Source records
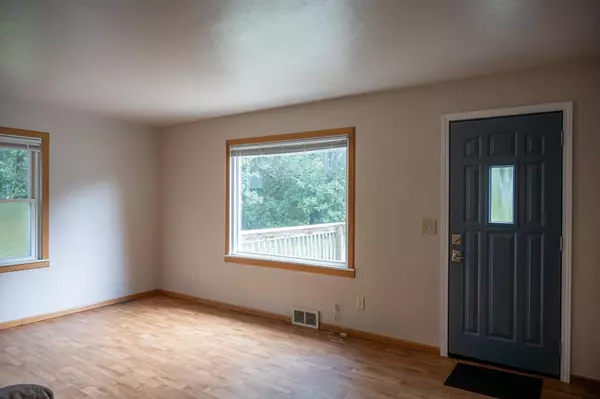 Mauston, WI 53948,901 Martin Street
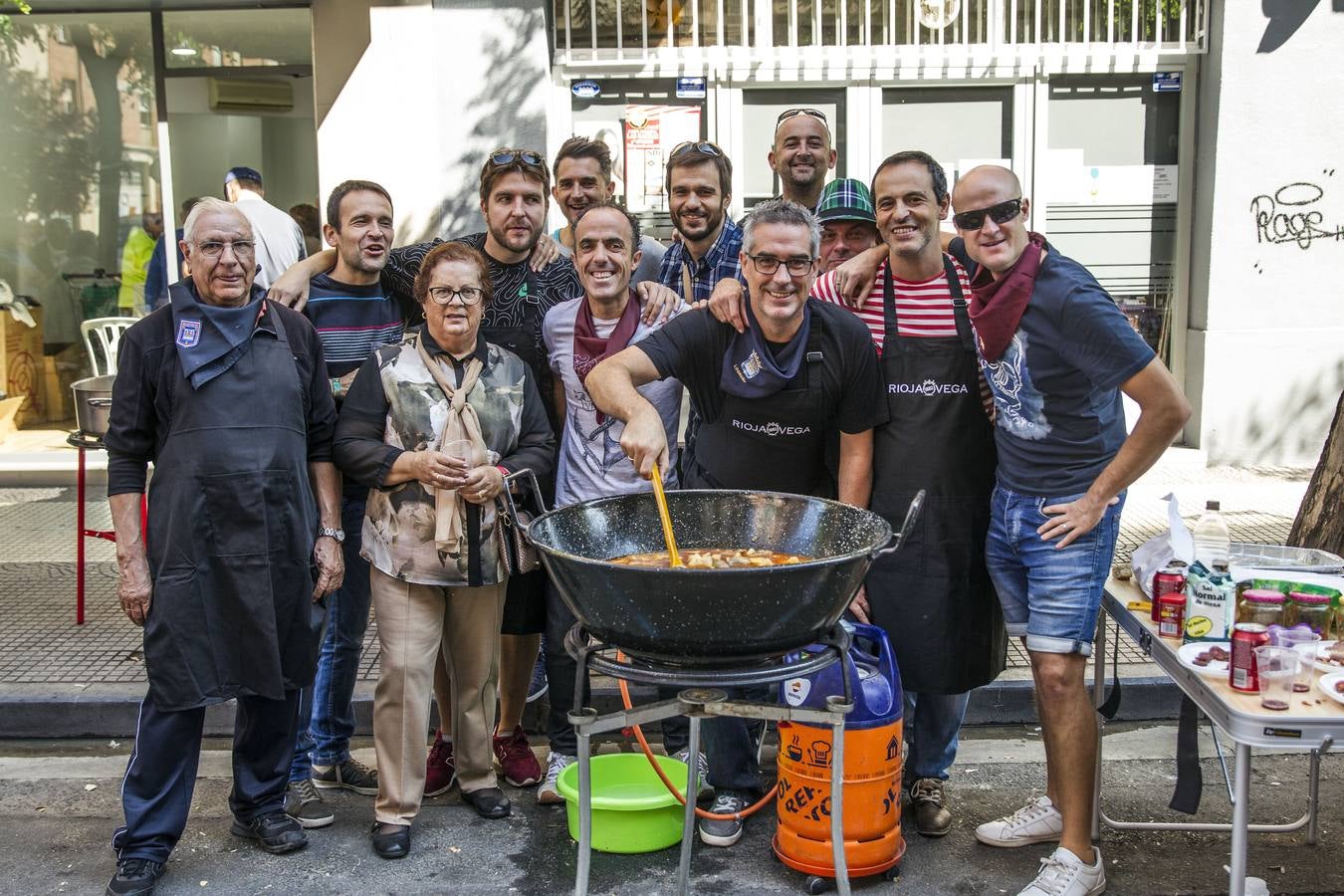 Gran ambiente y mejores guisos en el X Concurso de Calderetas que se ha celebrado en la calle Gonzalo de Berceo.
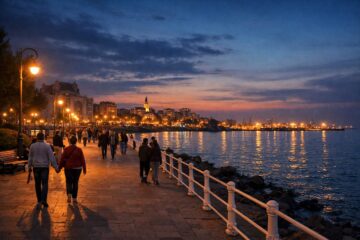 Lungomare di Costanza sul Mar Nero la sera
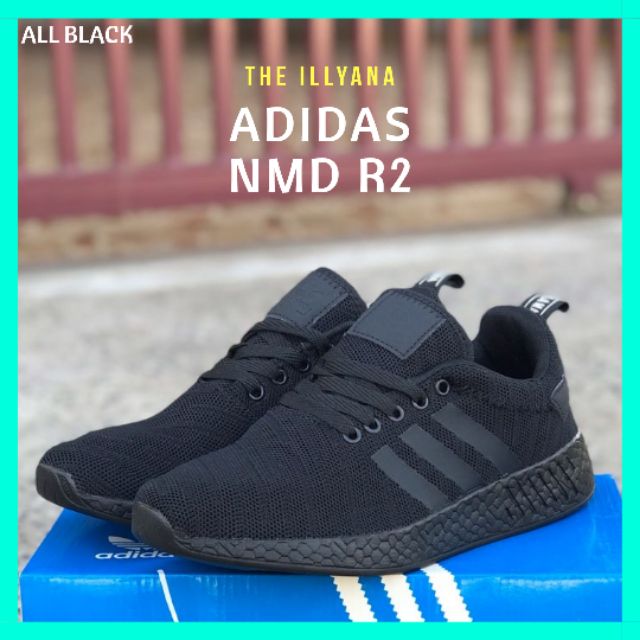 Triple black outlet nmd r2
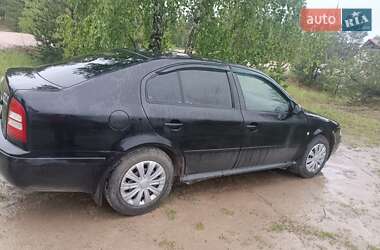 Лифтбек Skoda Octavia 2000 в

Problem requirements
Only the lines from the one holding "Lungomare di Costanza sul Mar Nero la sera" to the last line of the entries above should be printed, exactly as they appear and with no pictures.

Result
 Lungomare di Costanza sul Mar Nero la sera
 Triple black outlet nmd r2
 Лифтбек Skoda Octavia 2000 в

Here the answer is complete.